Work task: Below are some entries; reproduce them exactly and leave every picture out.

Brief descriptive captions:
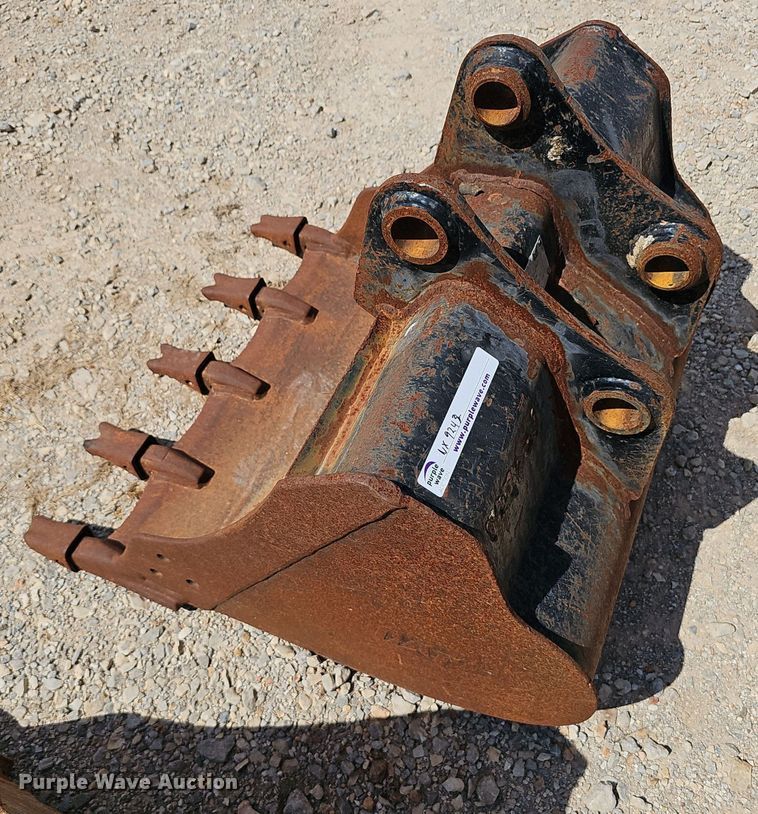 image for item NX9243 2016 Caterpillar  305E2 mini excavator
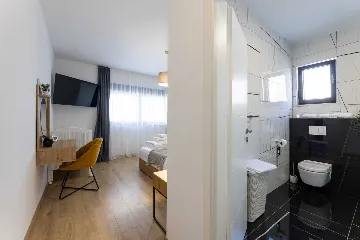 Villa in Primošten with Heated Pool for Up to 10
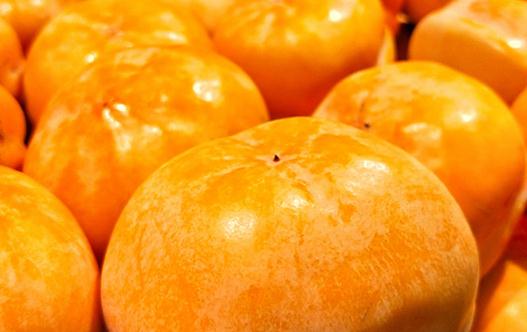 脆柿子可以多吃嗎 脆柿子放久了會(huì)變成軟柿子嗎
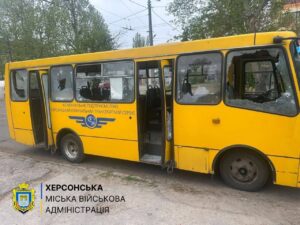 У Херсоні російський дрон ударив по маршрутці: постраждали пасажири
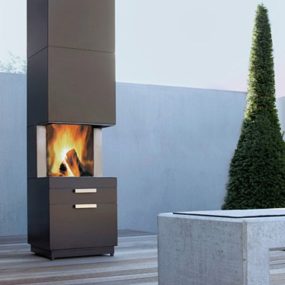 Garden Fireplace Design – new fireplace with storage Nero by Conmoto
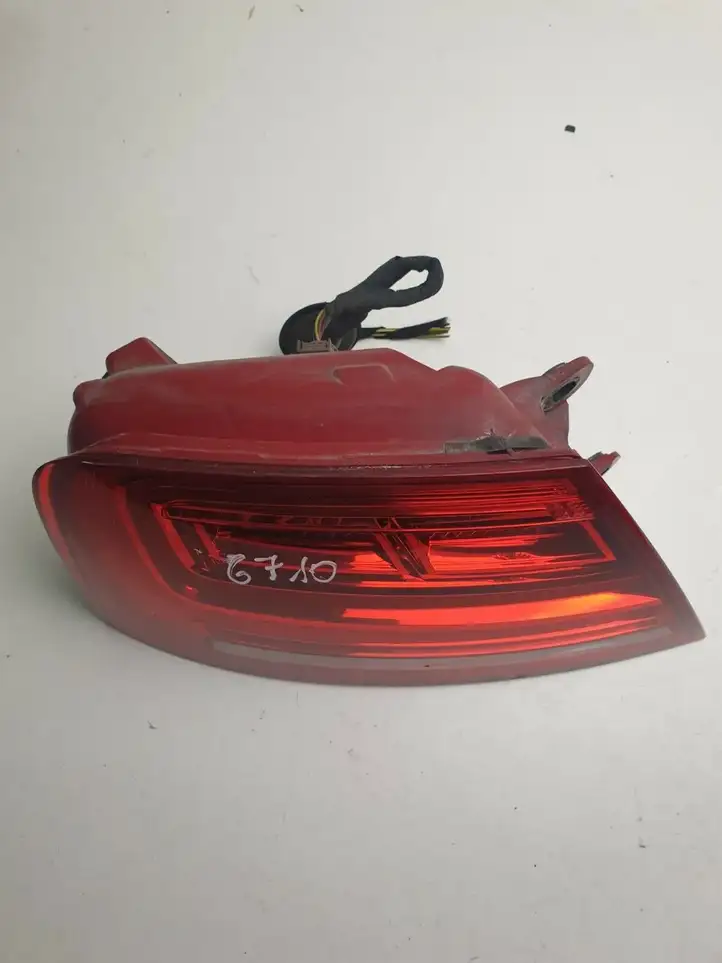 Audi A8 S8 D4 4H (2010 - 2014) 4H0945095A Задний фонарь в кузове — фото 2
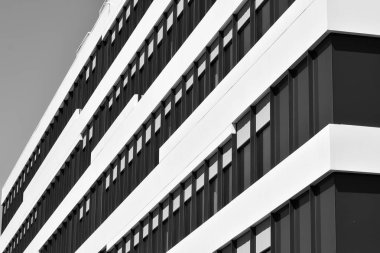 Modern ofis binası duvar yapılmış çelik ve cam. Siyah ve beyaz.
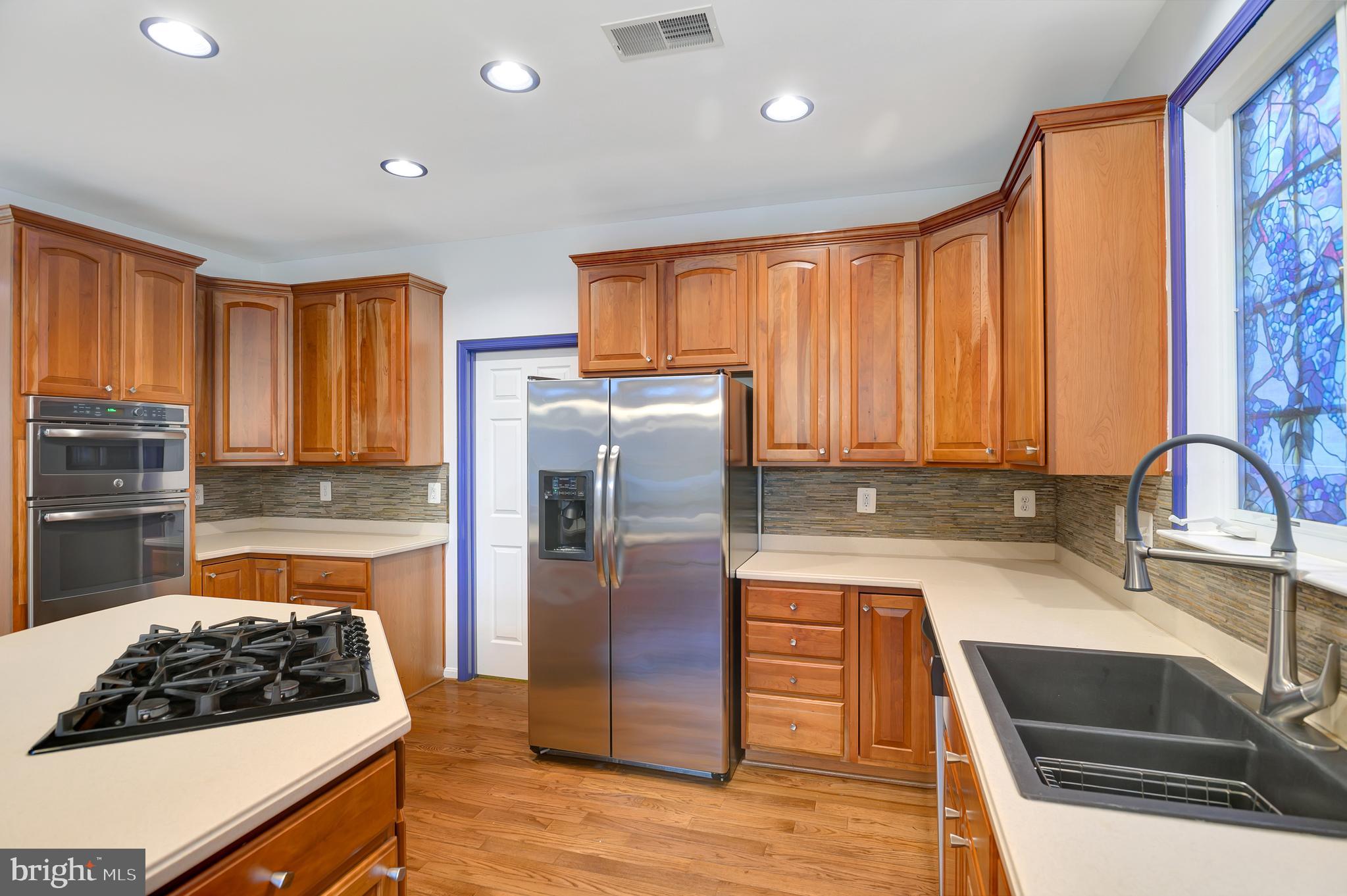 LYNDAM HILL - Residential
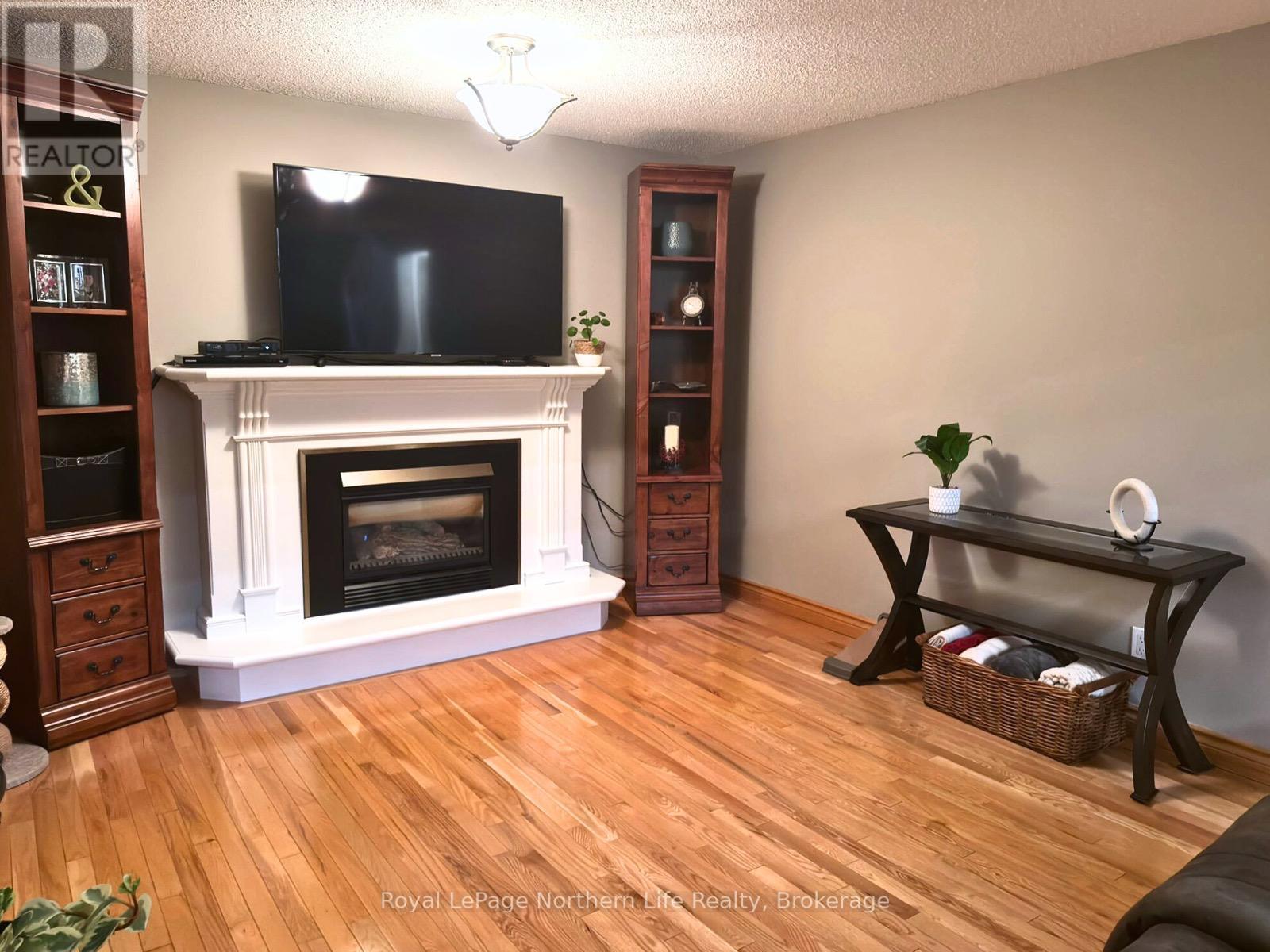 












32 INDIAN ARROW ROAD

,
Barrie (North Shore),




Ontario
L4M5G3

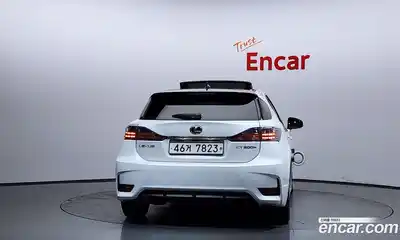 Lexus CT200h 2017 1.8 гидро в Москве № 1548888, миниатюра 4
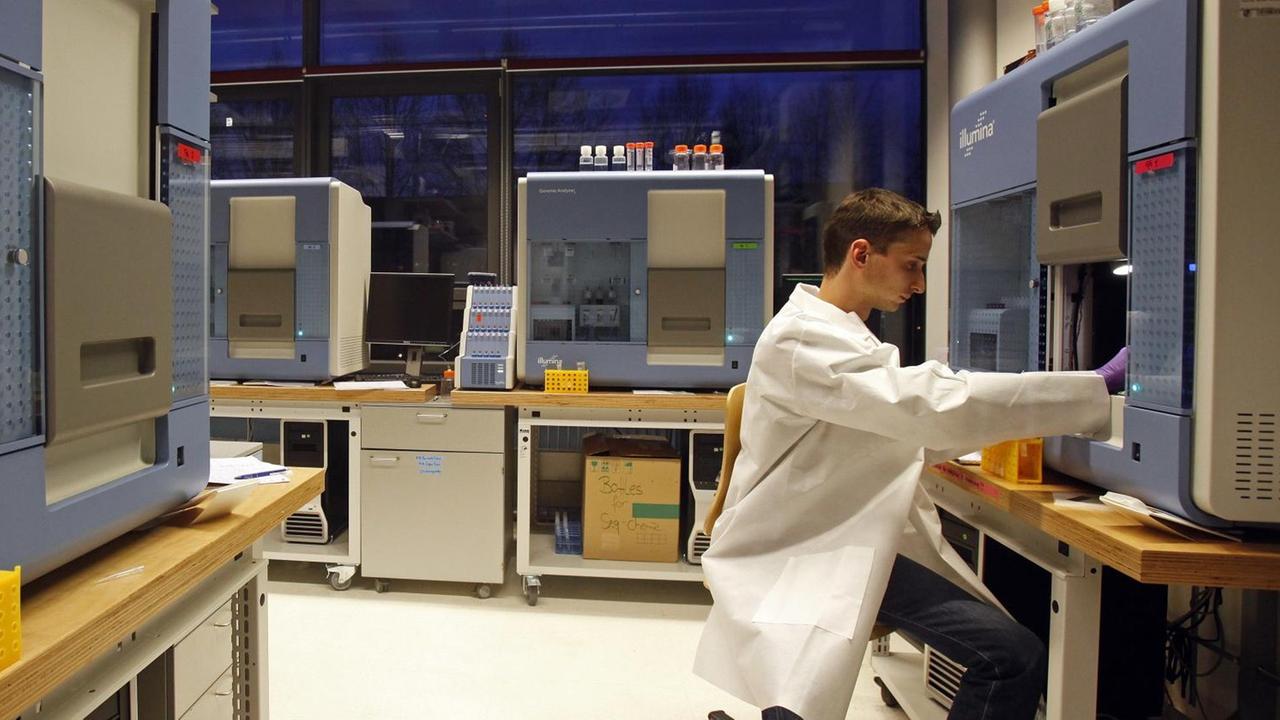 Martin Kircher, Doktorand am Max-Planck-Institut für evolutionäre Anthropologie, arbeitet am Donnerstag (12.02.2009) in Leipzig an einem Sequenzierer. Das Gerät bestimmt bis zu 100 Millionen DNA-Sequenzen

Finished exercise:
 image for item NX9243 2016 Caterpillar  305E2 mini excavator
 Villa in Primošten with Heated Pool for Up to 10
 脆柿子可以多吃嗎 脆柿子放久了會(huì)變成軟柿子嗎
 У Херсоні російський дрон ударив по маршрутці: постраждали пасажири
 Garden Fireplace Design – new fireplace with storage Nero by Conmoto
 Audi A8 S8 D4 4H (2010 - 2014) 4H0945095A Задний фонарь в кузове — фото 2
 Modern ofis binası duvar yapılmış çelik ve cam. Siyah ve beyaz.
 LYNDAM HILL - Residential












32 INDIAN ARROW ROAD

,
Barrie (North Shore),




Ontario
L4M5G3

 Lexus CT200h 2017 1.8 гидро в Москве № 1548888, миниатюра 4
 Martin Kircher, Doktorand am Max-Planck-Institut für evolutionäre Anthropologie, arbeitet am Donnerstag (12.02.2009) in Leipzig an einem Sequenzierer. Das Gerät bestimmt bis zu 100 Millionen DNA-Sequenzen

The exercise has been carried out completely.